## WHAT NEEDS TO BE DONE
Quote only the span from the first line of the entries to the line containing "Used 2002 Volvo S60 2.4T image 31", both ends kept. Leave every picture out.

Short text fragments from websites
_ _ _ _ _

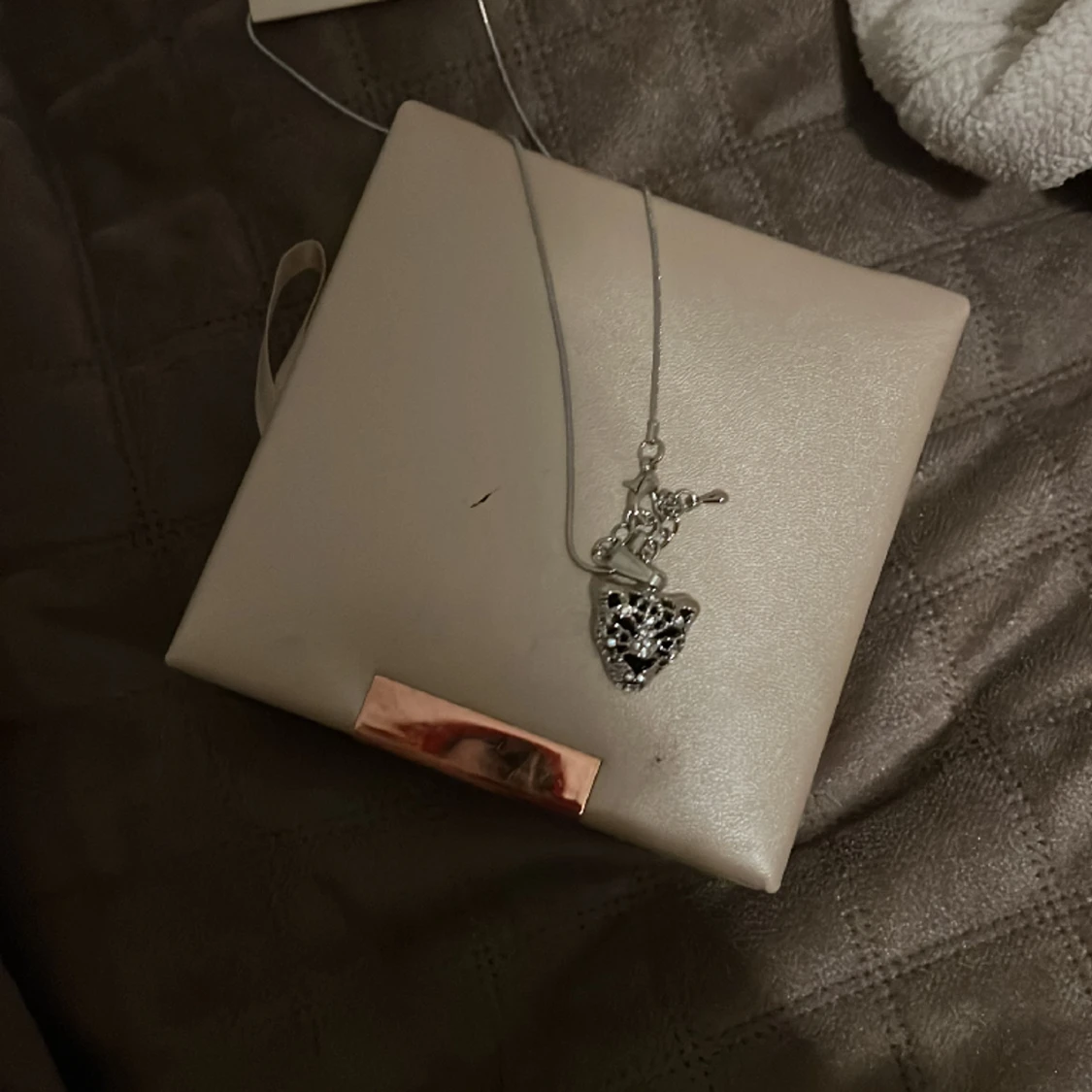 Säljer detta tiger halsband 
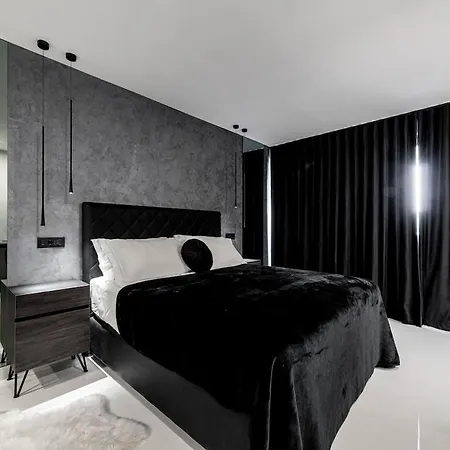 Villa Luxury Black Cube With Heated Pool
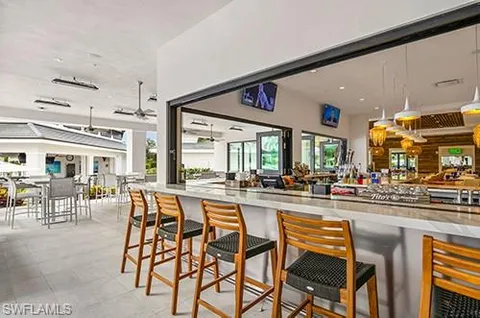 $1,595,000 | 325 Dunes Boulevard, Unit 904, Naples, FL 34110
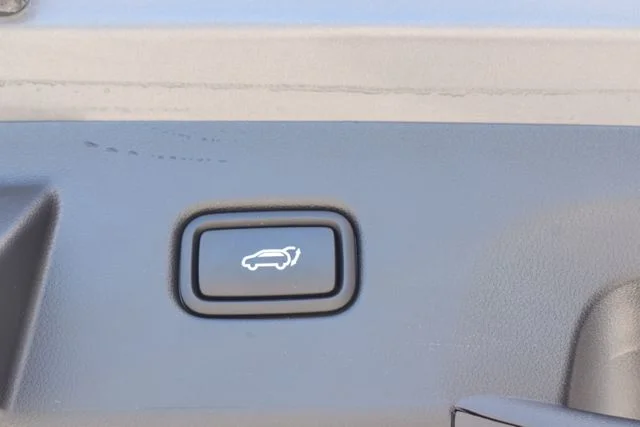 Used 2025 Gray Hyundai SEL Convenience image 15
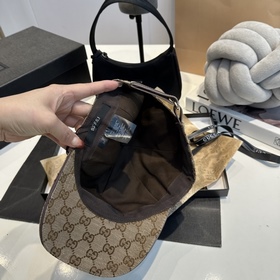 Эта модель из коллекции Gucci Lido, вд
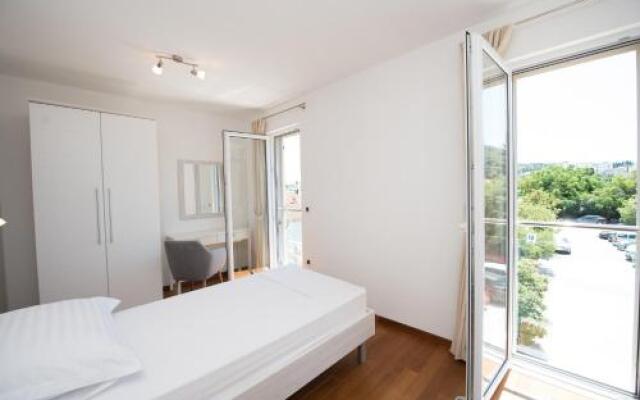 Apartment Maro Bayview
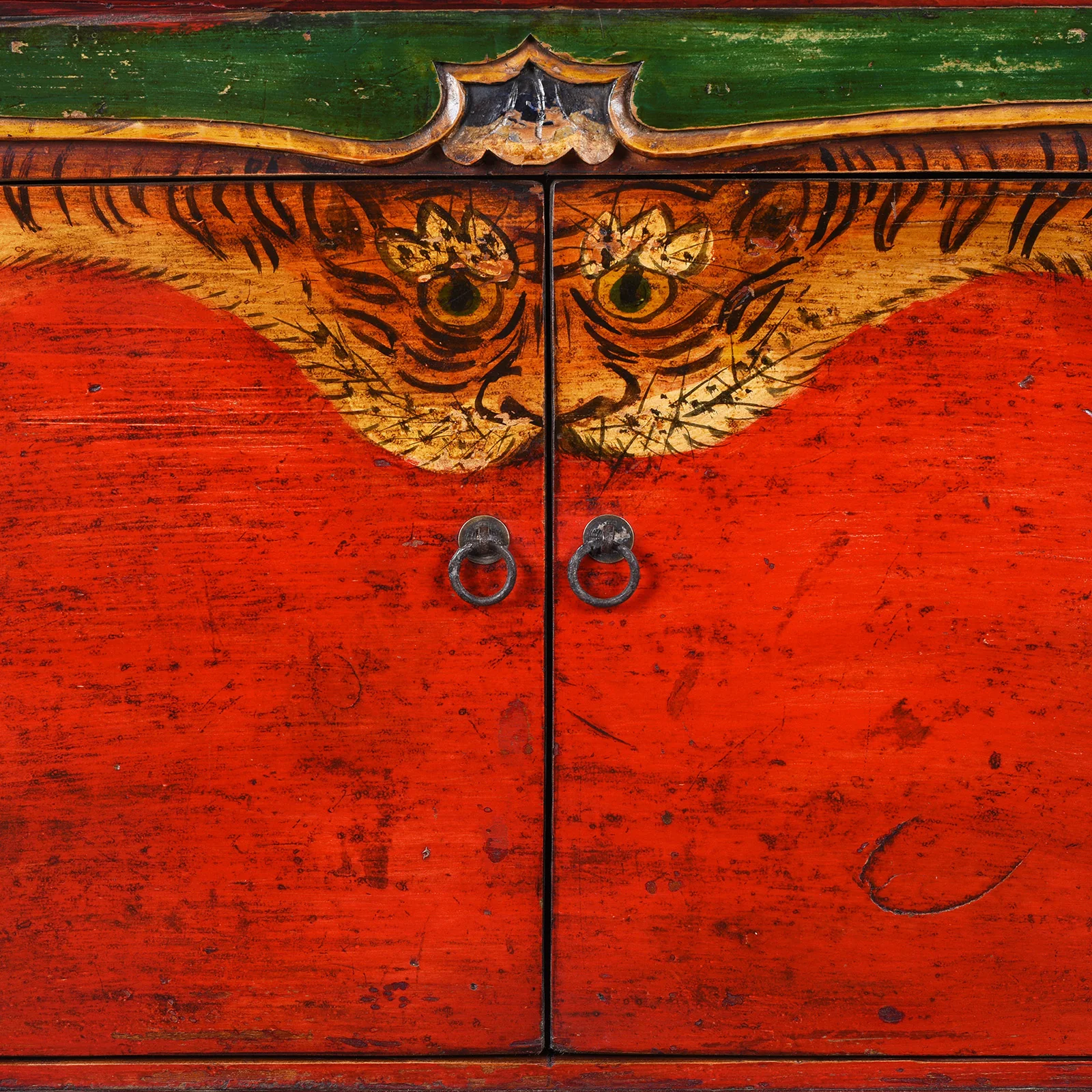 Painted Qinghai Tiger Cabinet  - 19th Century - Image 5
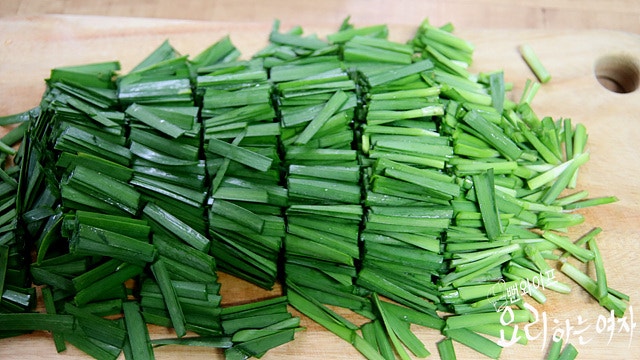 Cut the ingredients — step photo 1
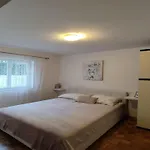 Apartment Angelina - Three Bedroom Apartment With Balcony And Sea View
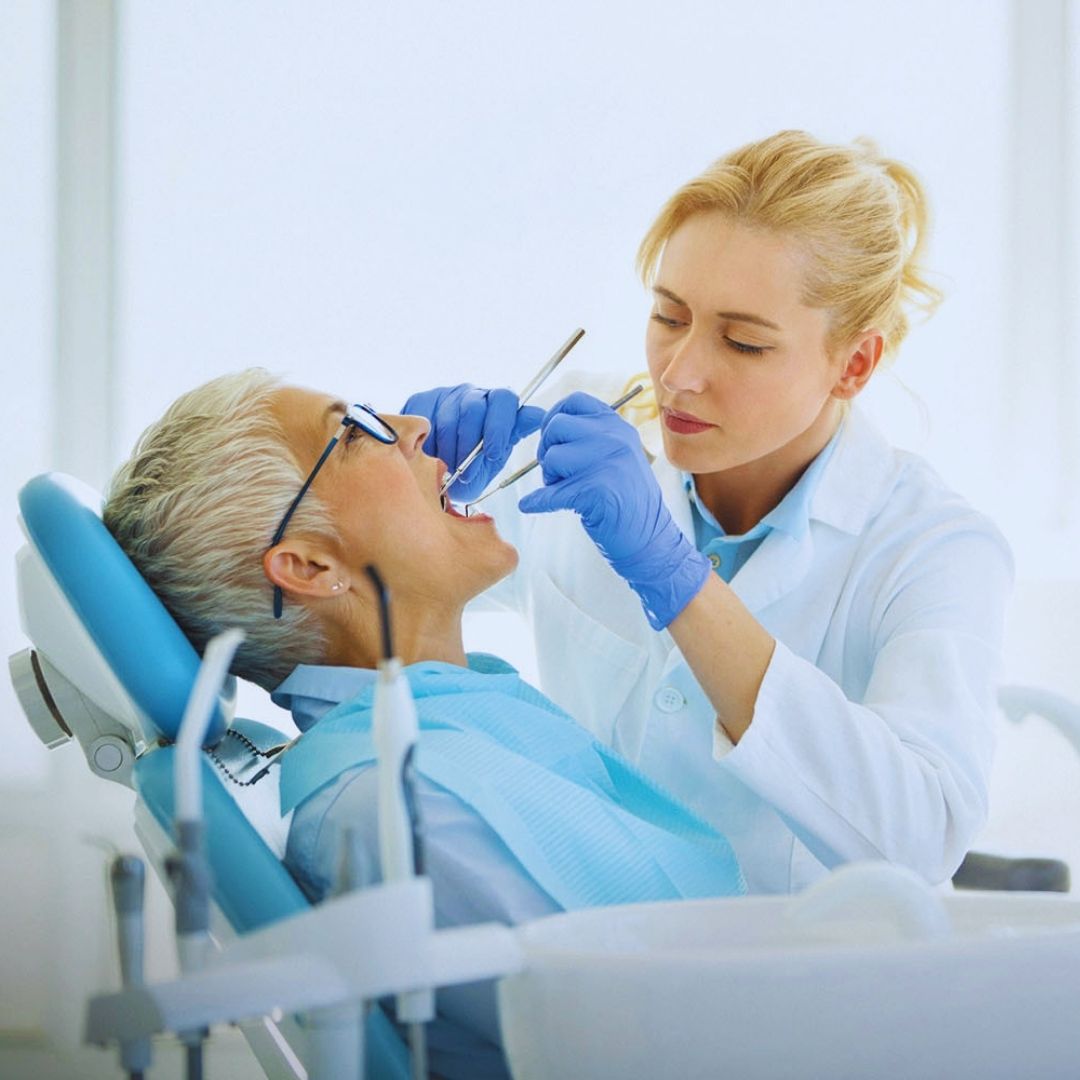 A restauração funcional oral é um procedimento odontológico essencial que visa recuperar a integridade dos dentes comprometidos.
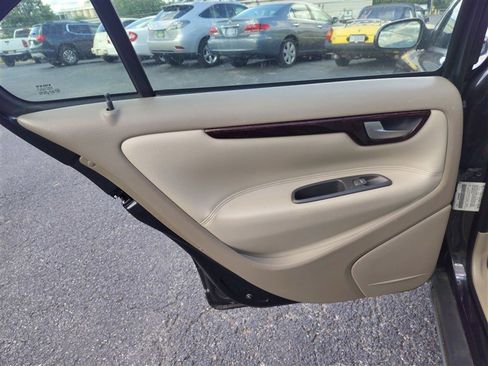 Used 2002 Volvo S60 2.4T image 31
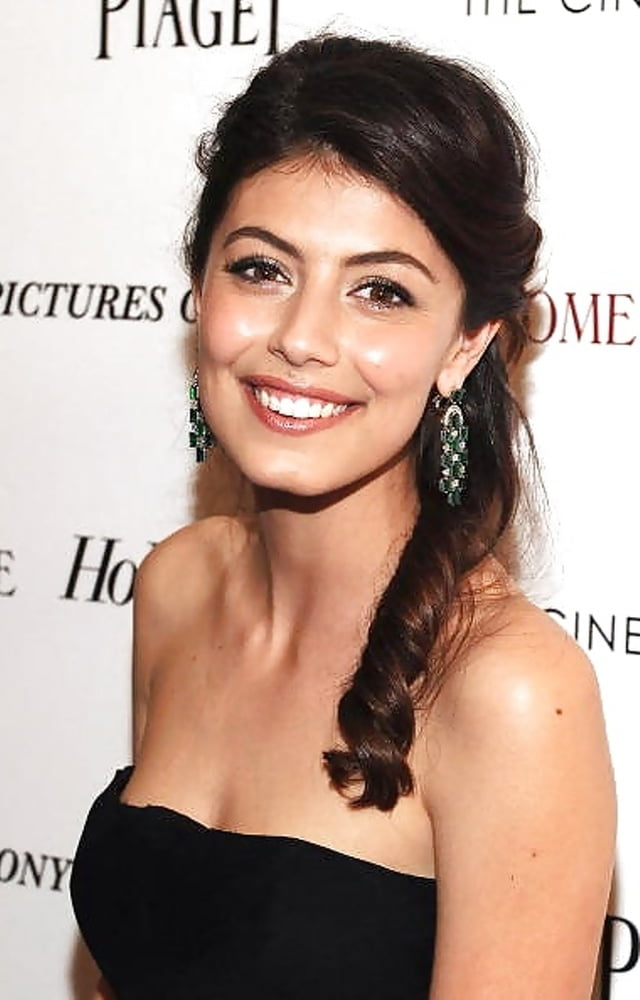 Alessandra mastronardi
 #95822940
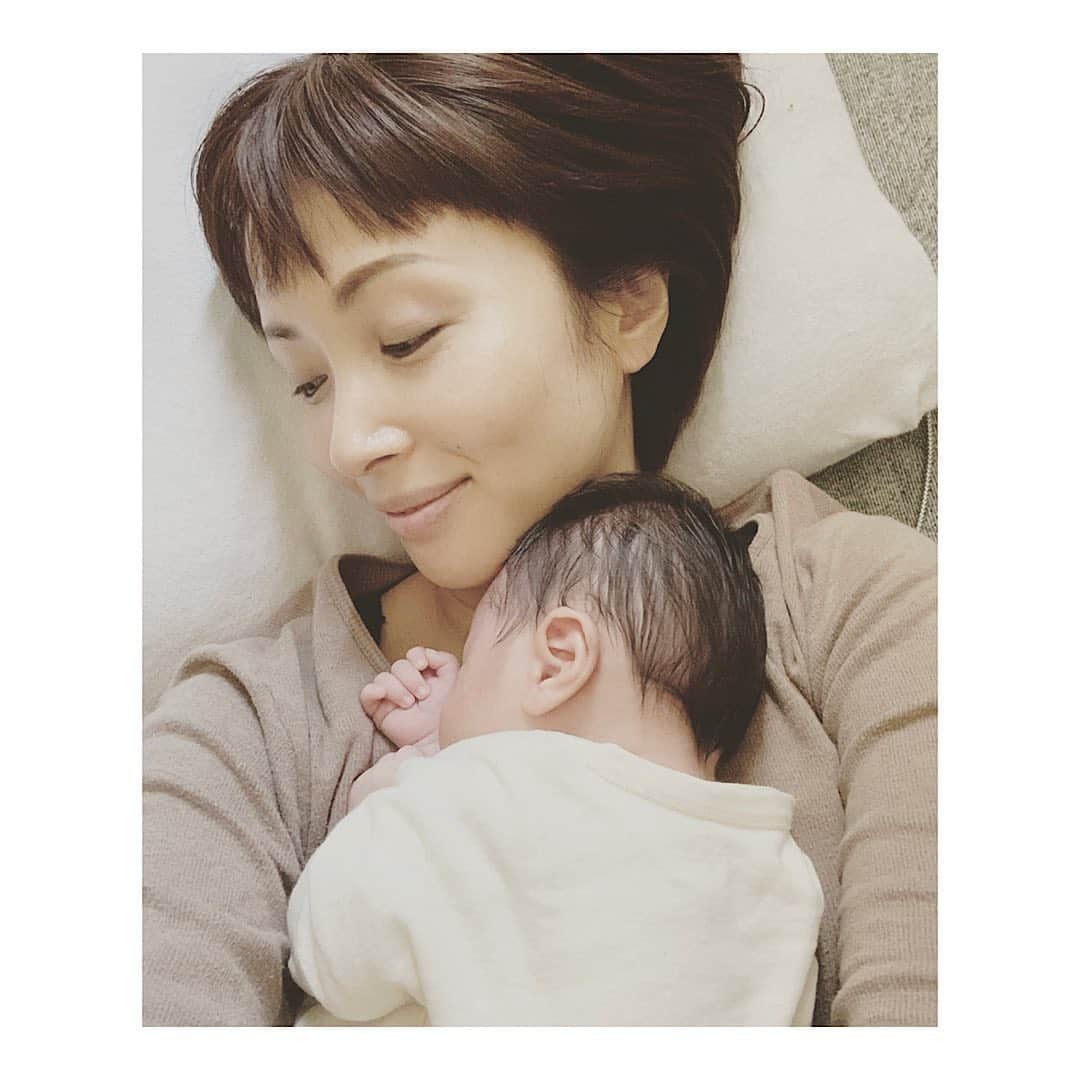 のインスタグラム：「以前、妊娠、出産について密着取材して頂き、5月29日（金）19:00〜 TBS 『爆報!THEフライデー 』にて放送されます。かなりプライベートな映像なので、少しお恥ずかしい気持ちもありますが... お時間あれば見てください📺  息子が寝たすきに、私も少しお昼寝!!」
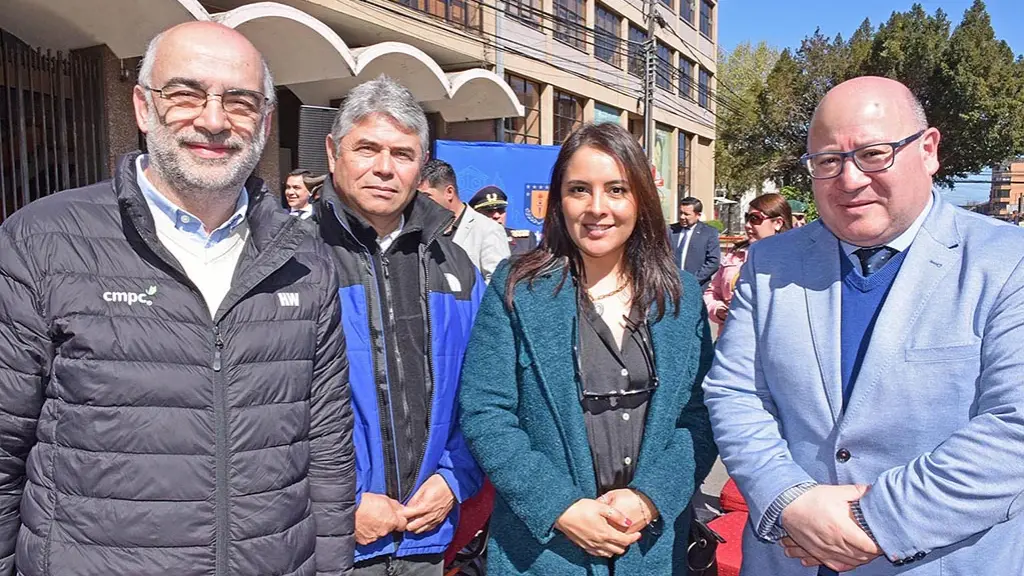 Francisco Reveco, subgerente CMPC; Christian Santibáñez, jefe de área CMPC; Leyla Anuch, representante Empresa eléctrica Engie, Guido Rodríguez. | La Tribuna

_ _ _ _ _

## WRITTEN SOLUTION
 Säljer detta tiger halsband 
 Villa Luxury Black Cube With Heated Pool
 $1,595,000 | 325 Dunes Boulevard, Unit 904, Naples, FL 34110
 Used 2025 Gray Hyundai SEL Convenience image 15
 Эта модель из коллекции Gucci Lido, вд
 Apartment Maro Bayview
 Painted Qinghai Tiger Cabinet  - 19th Century - Image 5
 Cut the ingredients — step photo 1
 Apartment Angelina - Three Bedroom Apartment With Balcony And Sea View
 A restauração funcional oral é um procedimento odontológico essencial que visa recuperar a integridade dos dentes comprometidos.
 Used 2002 Volvo S60 2.4T image 31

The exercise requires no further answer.